What is a Large Language Model?
Part 1: Stochastic generation of cultural artifacts, from Aristotle to the Eighties
When you “converse” with one of today’s generative AI models, behemoths like Claude 4, ChatGPT 4, or Gemini, you’re interacting with a powerful computer program that has one and only one intention: to accurately predict what word (technically what “token”) you might expect to see next. And then to predict the next word after that, and the next, and thus generate something you perceive as “meaning.”
That’s it.
Well, that’s not really it. These programs can do quite a bit more, including things like sentiment analysis (judging the emotions present in a piece of text), entity extraction (finding structured data like names and addresses), summary and synthesis, reasoning and problem-solving. Though in essence all they are doing is generating one next word after another, this is a bit like saying that an orchestra is simply playing one note after another.
But we might start by asking — how does it even do that simple thing? The next-word prediction thing? Even if that’s a paltry way to describe the behavior of these behemoths.
To describe how it happens today — that takes some explaining. But in this post, I can tell you how it sort of got started — back in the day.
1. 1974
The idea of the algorithmic generation of things that look like human cultural artifacts goes back a long way.1 I know exactly when I personally became aware of the idea: December 1974, when my nine-year-old self, perusing my beloved Scientific American (that my parents had sent to the house!), came across a“Mathematical Games” column2 by Martin Gardner that detailed the history of attempts to generate music by algorithmic means.

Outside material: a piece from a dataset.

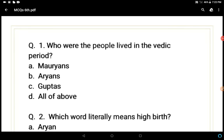Good morning students. As you know, we have completed the chapter of history 'What Books and Burials Tell Us,' and we have revised the question answers and exercises. Today we have 20 questions for revision. I'll ask the question, you have to guess the answer, then I'll tell the answer and count your score.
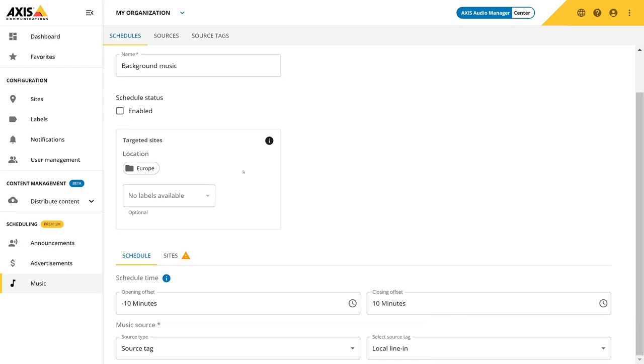This is Audio Manager Center, a powerful tool for your centralized audio management needs. A system that assures you that the right content is being played in the right location at the right time.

I’d never laid eyes on a computer (that would happen a couple of years later when Radio Shack’s TRS-80 hit the classroom), but as a piano-playing youngster with science and math leanings, I was somehow held rapt by the idea that human-like cultural artifacts could result from mathematical generation. Gardner’s span of reference was wide, encompassing Borges, Ramón Lull, the music theorist Kirnberger, Fourier series, and a wide range of books and articles on the generation and playing of music by digital computers. (15 years ago this might have amounted to a few hours of Internet research; today an LLM could pull most of the references together in a minute or two; having been a researcher myself before the dawn of the Internet, I can appreciate the weeks of effort wrapped into Gardner’s rich four-page essay). In passing, Gardner touched on ideas that seem trivial now but were more edgy then — the idea that any existing cultural artifact, like a painting or symphony, could be digitized, and so in theory become the product of generation by algorithm.3 This stuck in my mind and I could not get it out.
2. 1983-84
Nine years later computers had hit the classroom and the home — we had a lab full of Commodore PETs and TRS-80s, and one of my friends owned an Apple II (the main use of which was playing Apple Panic). My parents still got Scientific American, and in November 1983, a “Computer Recreations” column by Brian Hayes promised “a progress report on the fine art of turning literature into drivel.”4
Hayes was reporting on a class of programs called “travesty generators,” that take some body of text (say the works of Shakespeare) as their input, and output a nonsense text that nonetheless “sometimes has a haunting familiarity.” Critically for later machine learning, it does this by mimicking some of the statistical properties of the text. Hayes’ reflections are worth quoting fully:
“I cannot imagine a cruder method of imitation. Nowhere in the program is there even a representation of the concept of a word, much less any hint of what words might mean. There is no representation of any linguistic structure more elaborate than a sequence of letters. The text created is the clumsiest kind of pastiche, which preserves only the most superficial qualities of the original. What is remarkable is that the product of this simple exercise sometimes has a haunting familiarity. It is nonsense, but not undifferentiated nonsense; rather it is Chaucerian or Shakespearian or Jamesian nonsense. Indeed, with all semantic content eliminated, stylistic mannerisms become the more conspicuous. It makes one wonder: Just how close to the surface are the qualities that define an author's style?”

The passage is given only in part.